I'm forty-five and luckily I've filled out a bit. I feel I've got the body I could have done with when I was thirty-five, about the time I got to New York. Then maybe I could have slept with a few gym gods, just to say I'd done it, except they only wanted to sleep with other gym gods. It was amazing how identical these dudes were. The same facial hair, the same nipples. Yes, somehow it became possible, among certain privileged sectors of gay society, to physically will your nipples into another size and shape. I don't know if you know this, but it became hot in some circles to have women's nipples. I don't know also if women will be pleased to hear that, because it probably means straight men will want this in ten years' time.

Now at forty-five, some of these men who wouldn't look down at me at thirty-five, have started to look up at me. I'm flattered, but unfortunately, they are no longer gym gods.

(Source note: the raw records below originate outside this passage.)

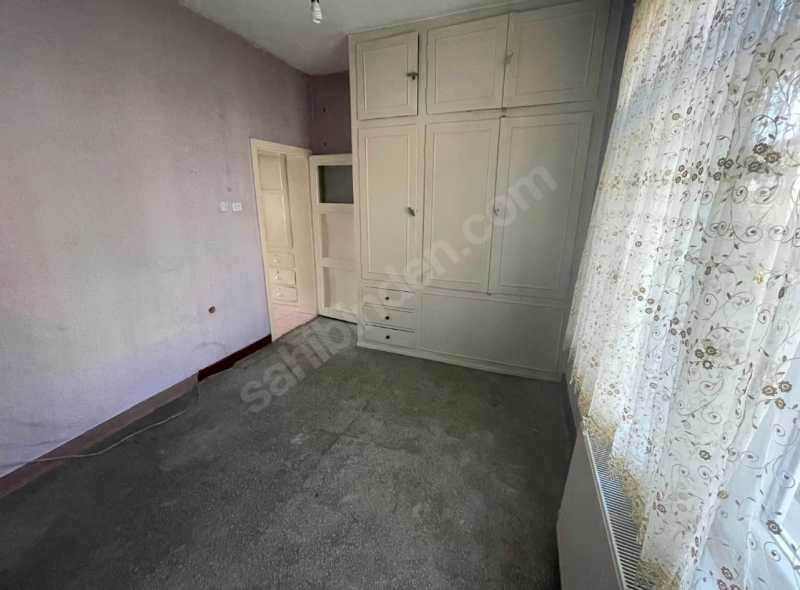 Bakımlı kiralık 3+1 ara daire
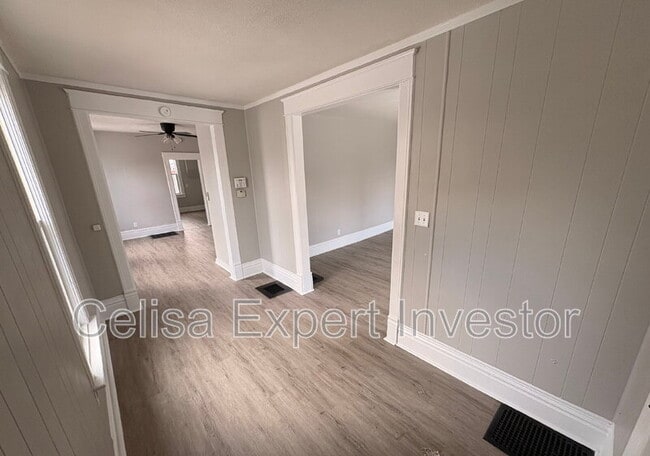 Building Photo - 425 Greenlawn Ave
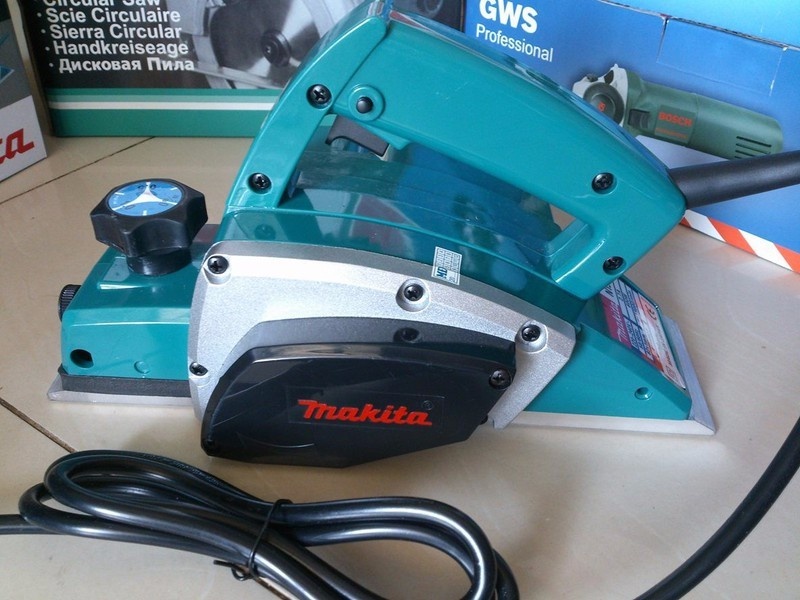 MÁY BÀO GỖ MAKITA 3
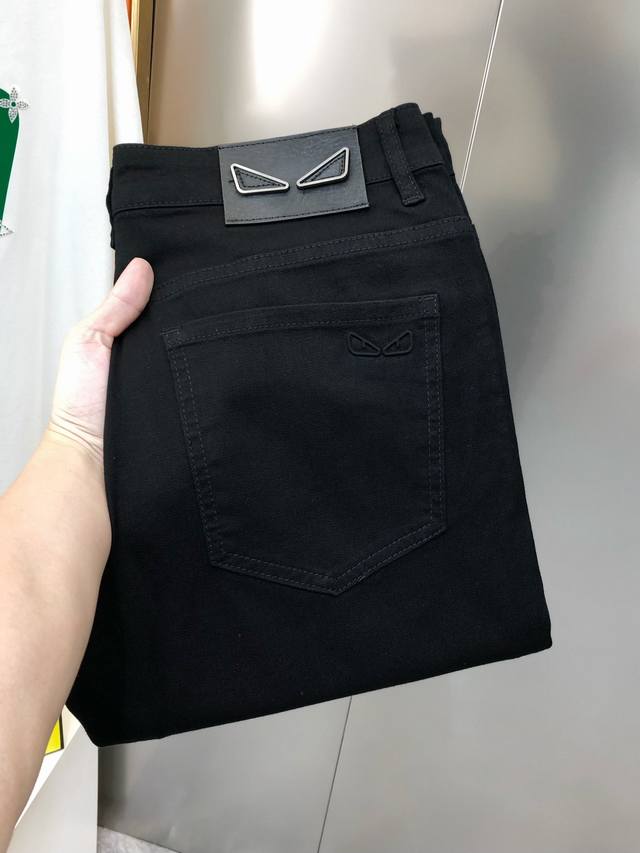 Fd Fendi 2025 spring and summer new men's slim-fit jeans, official website synch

Their ass fat has migrated to their stomachs (it's always the first to go) and now, if I was pushed for an aphorism, I'd say they look rather like Norway, very ragged at the edges, on spindly legs and aching joints from all those hours, all those years, spent in the gym.

Incredibly, I'm still growing. Body fat is a new world of possibility for me. As I say, at 62, I quite possibly will be a silver fox; a collossus striding the planet in my cowboy boots like Ted Turner. Heads will turn, nether regions will moisten. It would be nice if I were also rich and famous, but I'm hoping my silver fox looks will get me by if all else fails. You will wish you were dangling on my arm, and running fingers over my taut abdominals. Oh, the unfairness and cruelty of life! The loneliness! I'd despair, if I cared to remember the misery of that twenty-year old in the photograph, rejected and unloved by all but the rejected and unloved. But like all those who are sixty-two years young, I'll just live in the moment. And frankly my dear, next to me you'll look like shit.

(Apologies to my long-suffering handsome and ageless husband for the lies perpetrated in this article).